Of course power always has a story. Part of the story of all regimes is that the regime is a knight, defending its subjects against any and all dragons. True on all timelines, this story still seems like a dodge unless its audience can be made to believe in dragons.

When a dissident is a sucker, he invents a problem for the regime to solve. Crawling into his dragon suit, he inhabits a dragon for power to slay. The dragon is lifelike, because it is actually alive, because inside it our dissident is flapping his arms. He needn't worry that he can't breathe fire: for that, there's Photoshop.

The better he is at being a dissident, the more convincing the dragon. If the dragon flaps his wings well, the heroic dragonslayer might even come across as an actual underdog. There are so many dragons that the world, it seems, is ruled by dragons. Join the human uprising against the dragon kingdom!

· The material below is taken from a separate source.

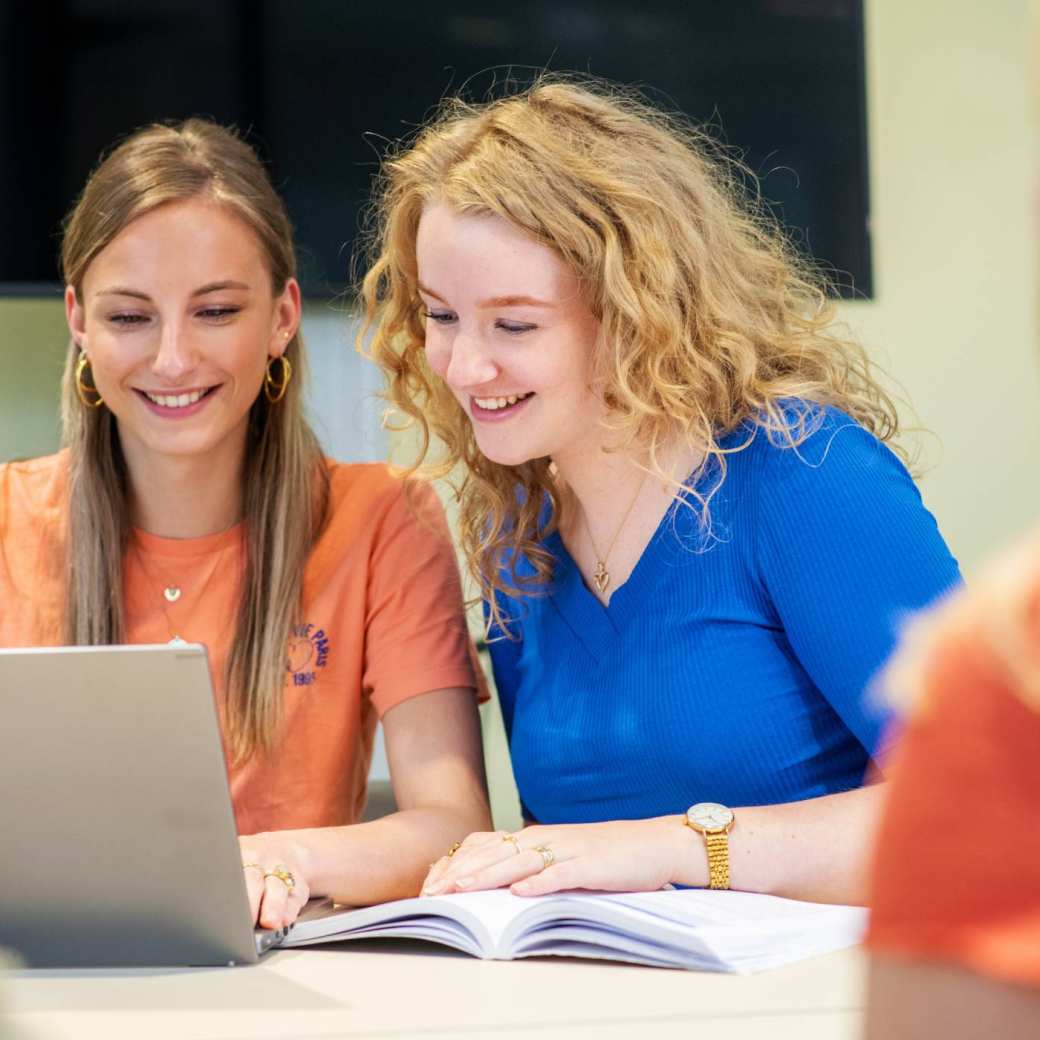 Verpleegkunde studenten kijken samen naar de laptop tijdens de les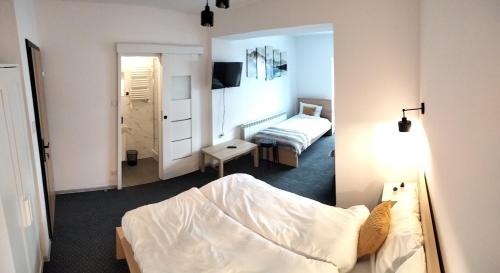 a bedroom with a bed and a small room with a bed sqor at U Gumisia in Korbielów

So this poor dissident, who like most dissidents is a small, shy herbivorous creature, has a rueful funny moment when he picks up the paper and sees his own little face, morphed onto this fire-breathing thunder-lizard now coming to eat everyone's kids. Then he remembers that he has about the same chance of winning as the bull in the bullfight—and also, he doesn’t even like kids. Not as food, anyway.

At this point, he has three choices. Respectable voices, great voices, have taken each. He can flee the caricature; he can give up even vegetables, and eat only fruit. He can embrace it; after all this dragon, who is famous, is him; that means he’s not nothing. He can ignore it—and never even go near a dragon suit, much less flap his arms.

Of course, in a sense all the voyeurs are suckers too. Sucking your effort, or even just your attention, into nothing, is also a victory for your enemies. But once you inhabit a character in your adversary's narrative—that adversary will own you forever.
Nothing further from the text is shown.